Соседка Антонина собралась в райсобес. Леди с интеллектуальными и артистическими способностями, намного превосходящими способности многих окружающих, тем не менее совершенно не способна к добыванию денег в плотных весёлых объятиях трудового коллектива. Какая-то прореха в социализации сквозит. То ли у неё, то ли у социализации, к которой следует приобщаться члену общества. Единственный её источник доходов – это сбор справок, подтверждение инвалидности, вопль о малообеспеченности, и всё из того же ряда. Собес- «содействие бесу социализма» – такая у меня расшифровка этого слова.

Антонина крутится перед зеркалом, которое висит в тёмной прихожей: «Подожди, я сейчас. Только оденусь. Вместе пойдём. Нам по пути до метро». – «Ну ладно, подожду», – соглашаюсь я опрометчиво. Жара. Июль.

Антонина убегает в угловую комнатку, через минуту выходит с ворохом одежд в руках – сама в трусах, без лифчика.
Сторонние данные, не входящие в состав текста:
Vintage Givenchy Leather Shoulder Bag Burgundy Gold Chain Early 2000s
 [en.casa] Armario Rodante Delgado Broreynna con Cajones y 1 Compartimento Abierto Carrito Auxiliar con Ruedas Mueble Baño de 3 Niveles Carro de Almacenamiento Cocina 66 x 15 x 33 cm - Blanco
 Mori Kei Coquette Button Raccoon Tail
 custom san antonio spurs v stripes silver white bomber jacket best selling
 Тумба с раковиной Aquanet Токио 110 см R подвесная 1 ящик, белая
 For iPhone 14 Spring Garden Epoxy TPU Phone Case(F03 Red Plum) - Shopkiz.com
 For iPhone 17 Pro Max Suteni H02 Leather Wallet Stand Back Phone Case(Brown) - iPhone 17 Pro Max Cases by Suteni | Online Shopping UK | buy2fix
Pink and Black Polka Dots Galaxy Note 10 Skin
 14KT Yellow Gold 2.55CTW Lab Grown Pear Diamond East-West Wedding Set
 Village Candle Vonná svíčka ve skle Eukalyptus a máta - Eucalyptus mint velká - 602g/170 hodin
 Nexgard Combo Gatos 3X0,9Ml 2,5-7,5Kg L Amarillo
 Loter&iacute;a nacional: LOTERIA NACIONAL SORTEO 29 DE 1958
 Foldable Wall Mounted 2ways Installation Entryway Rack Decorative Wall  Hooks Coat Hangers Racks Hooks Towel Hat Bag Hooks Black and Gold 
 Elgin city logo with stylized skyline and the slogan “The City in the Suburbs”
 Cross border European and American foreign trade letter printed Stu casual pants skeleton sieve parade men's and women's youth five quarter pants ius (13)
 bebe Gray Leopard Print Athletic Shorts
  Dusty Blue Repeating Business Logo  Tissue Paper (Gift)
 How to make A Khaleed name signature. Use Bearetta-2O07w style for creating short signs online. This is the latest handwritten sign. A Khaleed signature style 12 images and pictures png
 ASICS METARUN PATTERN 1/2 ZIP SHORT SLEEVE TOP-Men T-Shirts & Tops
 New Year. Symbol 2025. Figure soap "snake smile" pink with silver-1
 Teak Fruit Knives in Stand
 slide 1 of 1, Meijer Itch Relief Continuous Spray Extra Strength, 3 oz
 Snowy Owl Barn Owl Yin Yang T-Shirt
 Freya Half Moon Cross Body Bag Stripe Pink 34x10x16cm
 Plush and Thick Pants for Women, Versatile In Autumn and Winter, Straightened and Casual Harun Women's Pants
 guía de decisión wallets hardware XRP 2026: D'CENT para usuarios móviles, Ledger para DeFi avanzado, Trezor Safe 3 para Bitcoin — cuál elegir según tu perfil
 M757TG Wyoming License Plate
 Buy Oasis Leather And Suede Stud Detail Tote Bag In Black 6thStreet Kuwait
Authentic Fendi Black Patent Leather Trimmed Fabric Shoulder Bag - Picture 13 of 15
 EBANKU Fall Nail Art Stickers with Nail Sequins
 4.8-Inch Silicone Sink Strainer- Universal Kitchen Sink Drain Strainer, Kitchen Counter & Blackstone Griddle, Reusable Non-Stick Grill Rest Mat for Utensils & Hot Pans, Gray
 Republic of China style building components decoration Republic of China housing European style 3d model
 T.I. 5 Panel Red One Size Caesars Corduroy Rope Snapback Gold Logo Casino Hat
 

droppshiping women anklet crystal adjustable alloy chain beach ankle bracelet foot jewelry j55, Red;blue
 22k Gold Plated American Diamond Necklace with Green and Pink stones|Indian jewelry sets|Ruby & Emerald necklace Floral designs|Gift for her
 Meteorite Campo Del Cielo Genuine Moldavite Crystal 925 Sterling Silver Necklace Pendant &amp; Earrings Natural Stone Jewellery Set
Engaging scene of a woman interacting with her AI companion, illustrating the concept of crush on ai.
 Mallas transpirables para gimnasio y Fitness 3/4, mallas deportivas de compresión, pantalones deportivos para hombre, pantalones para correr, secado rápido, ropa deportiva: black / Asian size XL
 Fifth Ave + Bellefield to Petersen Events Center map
Белая, как пожилая русалка. Тело как у осетрины. Свежее, упругое, чуть желтоватое от нежного жира. Спина и бока в складочку. Ноги- как у жирненькой пионерки лет 15, уже вступившей в половую зрелость. Антонина опять исчезает.

Выбегает в одном облике – длинной плиссированной юбке из шёлка: «Нет, что-то бабское. Слишком солидно». Выбегает в зелёных брючках цвета тропикано: «Жарко будет. Не то».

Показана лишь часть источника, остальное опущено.